● **YOUR INSTRUCTIONS**: Write out the entries exactly. None of the pictures should appear in the copy.

--- SOURCE RECORDS Enclosed Below ---

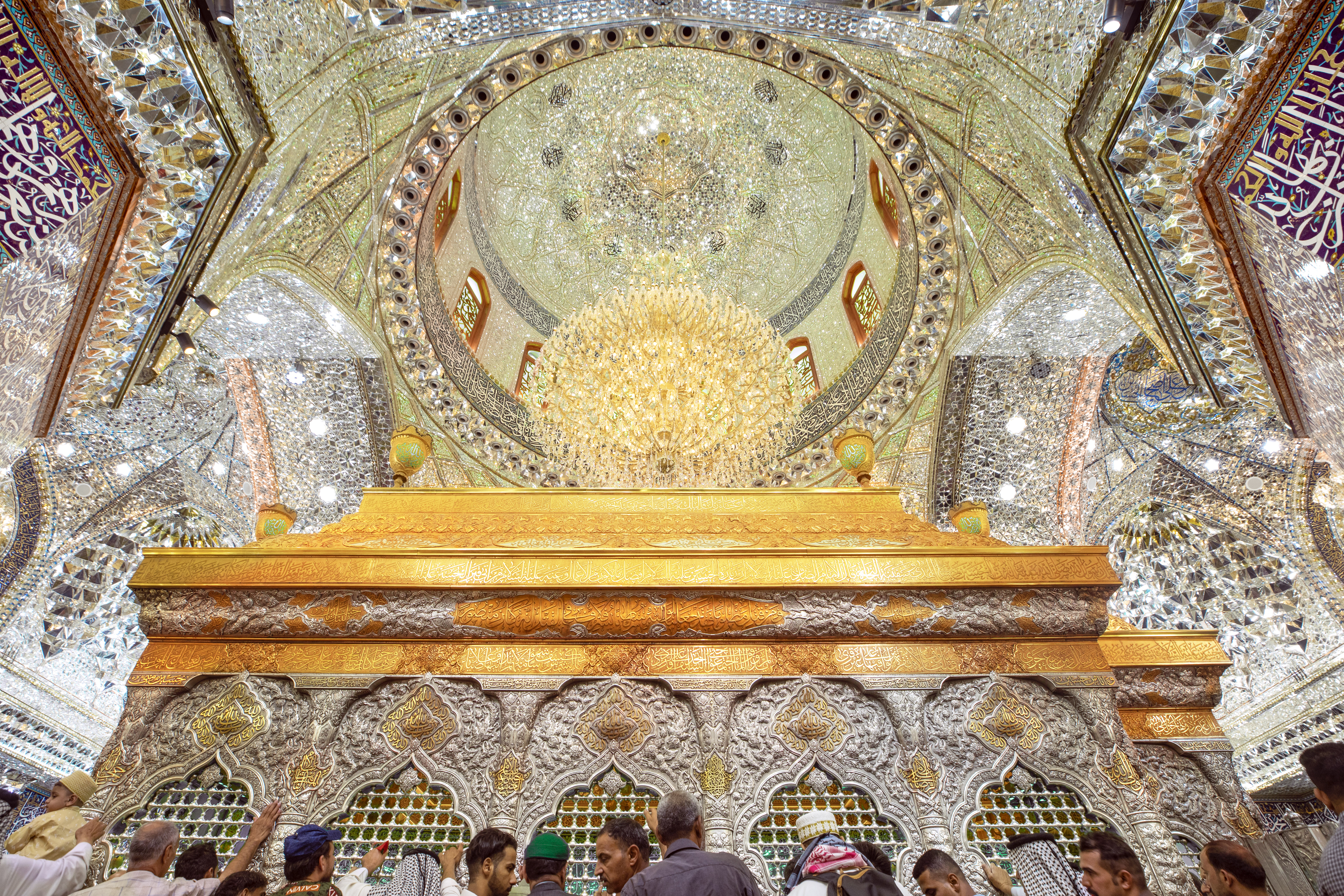 صلى الله عليك يا ابا عبد الله الحسين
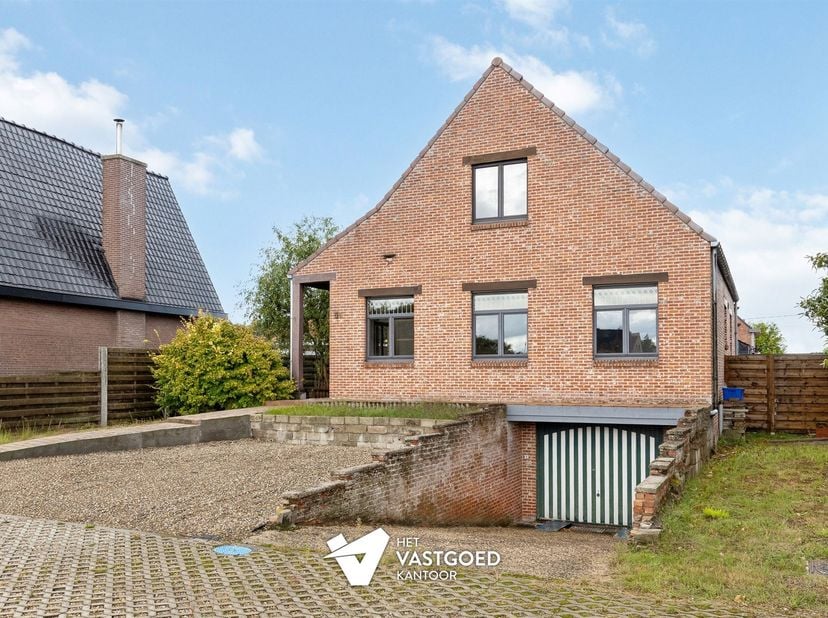 Huis te koop in Krommepad  56,
                    2490 Balen
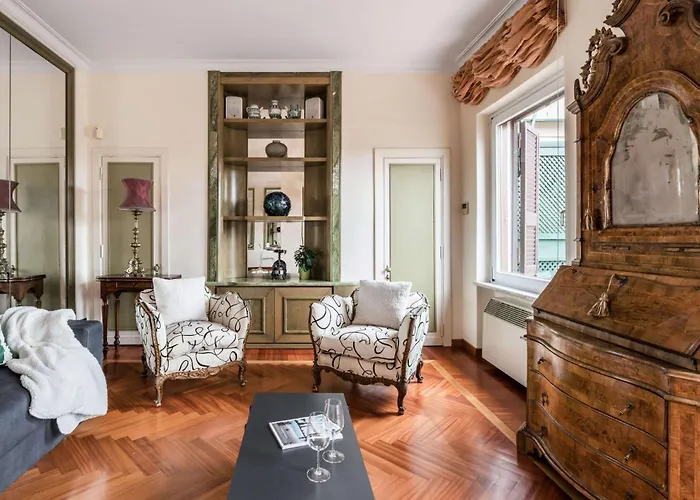 The Rent - One-bedroom In A Quiet, Classically Styled Corner Near The Quirinale Apartamento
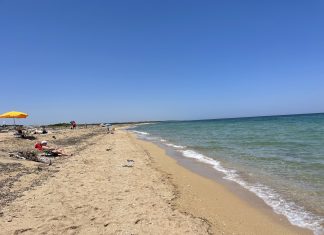 Spiagge libere o abbandonate? Alla scoperta dell’oasi “Li Punzi” di San Cataldo: una meraviglia trascurata anche nella stagione estiva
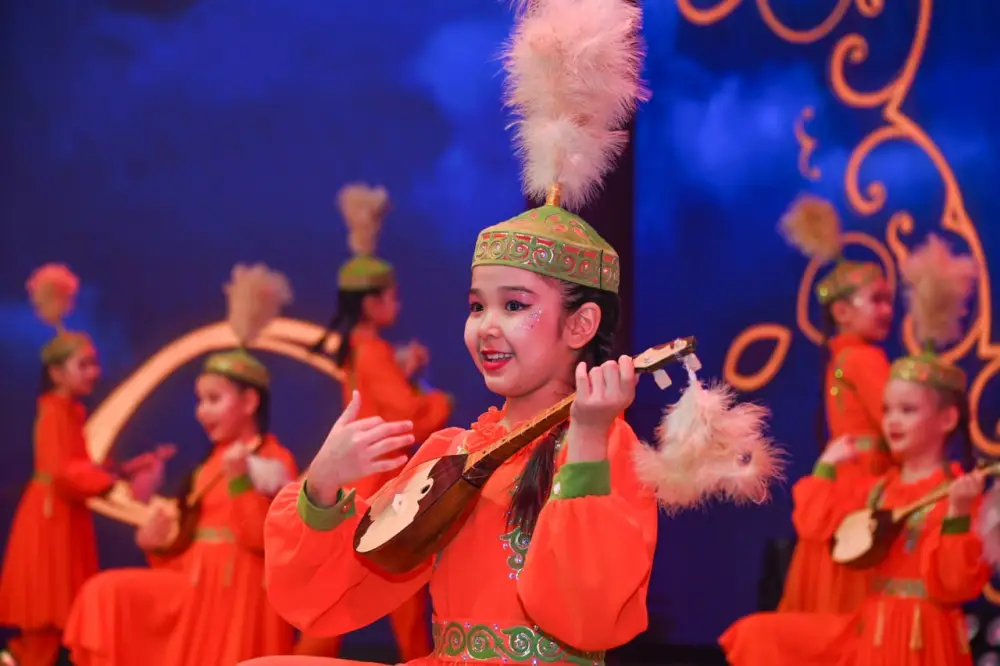 В Астане состоялся отчетный концерт студии «Жас сарбаз» имени Нургисы Тлендиева (7)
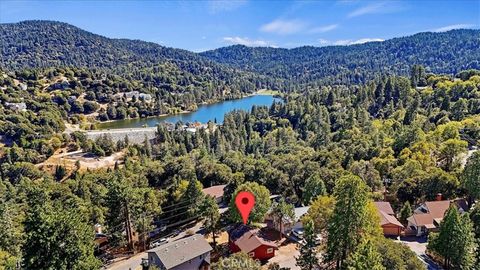 A home in Crestline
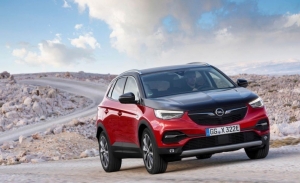 Opel Grandland X Hybrid4, llega la versión híbrida enchufable al SUV de la marca del rayo
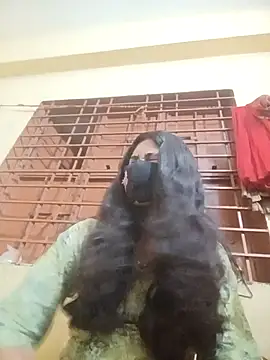 queenneha69 online show from May 24, 2026, 5:18 pm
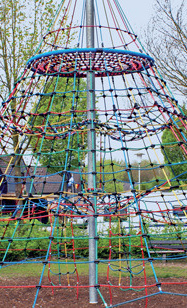 Spiel- und Kletterturm - Stadtschule -  Die Grundschule mitten in Alsfeld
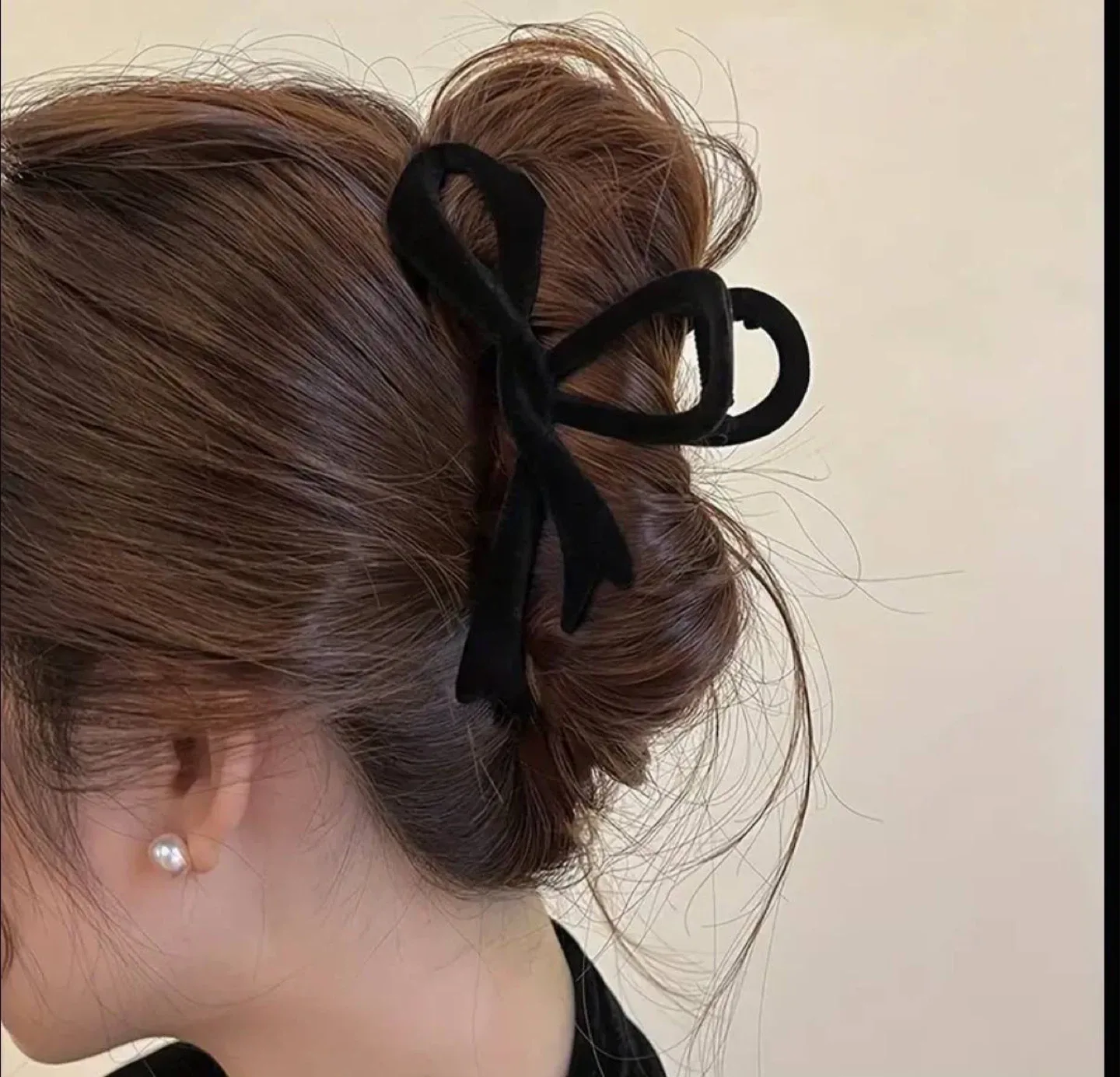 Black Velvet Bow Hair Claw Clip thumbnail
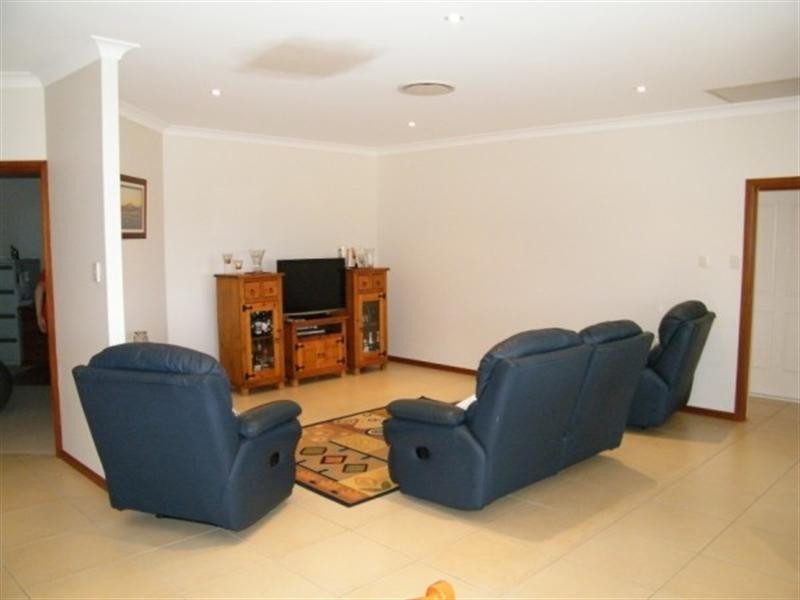 90 Dawson Gates Road, Chinchilla QLD 4413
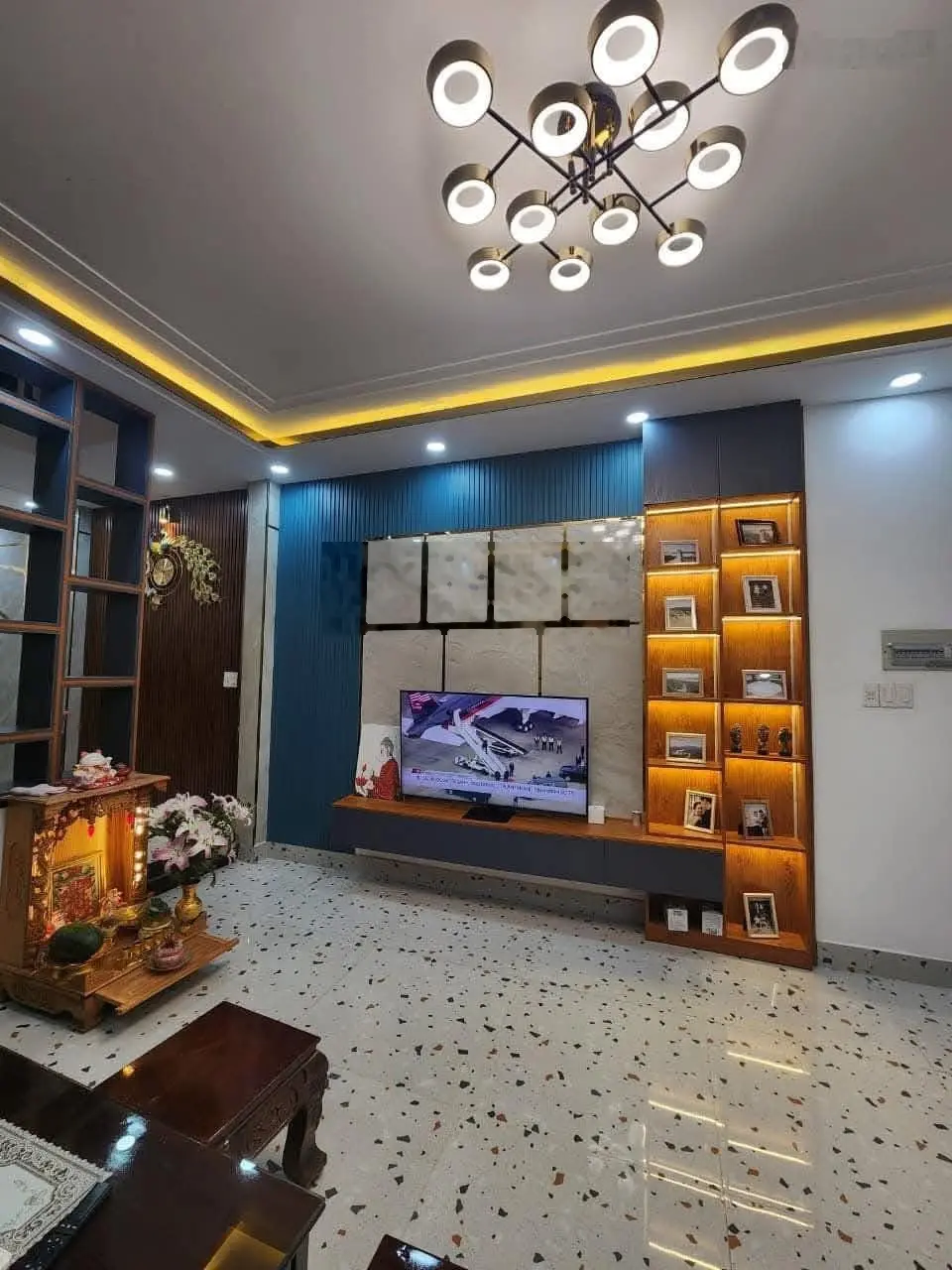 Hàng Hiếm Cuối năm Tại Nguyễn Tiểu La, 38m2 Giá 2 tỷ550 Phường 8, Q10, HCM, view đẹp. LH 0328316455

--- End of Enclosed SOURCE RECORDS ---

● **RESULT OF THIS EXERCISE**:
 صلى الله عليك يا ابا عبد الله الحسين
 Huis te koop in Krommepad  56,
                    2490 Balen
 The Rent - One-bedroom In A Quiet, Classically Styled Corner Near The Quirinale Apartamento
 Spiagge libere o abbandonate? Alla scoperta dell’oasi “Li Punzi” di San Cataldo: una meraviglia trascurata anche nella stagione estiva
 В Астане состоялся отчетный концерт студии «Жас сарбаз» имени Нургисы Тлендиева (7)
 A home in Crestline
 Opel Grandland X Hybrid4, llega la versión híbrida enchufable al SUV de la marca del rayo
 queenneha69 online show from May 24, 2026, 5:18 pm
 Spiel- und Kletterturm - Stadtschule -  Die Grundschule mitten in Alsfeld
 Black Velvet Bow Hair Claw Clip thumbnail
 90 Dawson Gates Road, Chinchilla QLD 4413
 Hàng Hiếm Cuối năm Tại Nguyễn Tiểu La, 38m2 Giá 2 tỷ550 Phường 8, Q10, HCM, view đẹp. LH 0328316455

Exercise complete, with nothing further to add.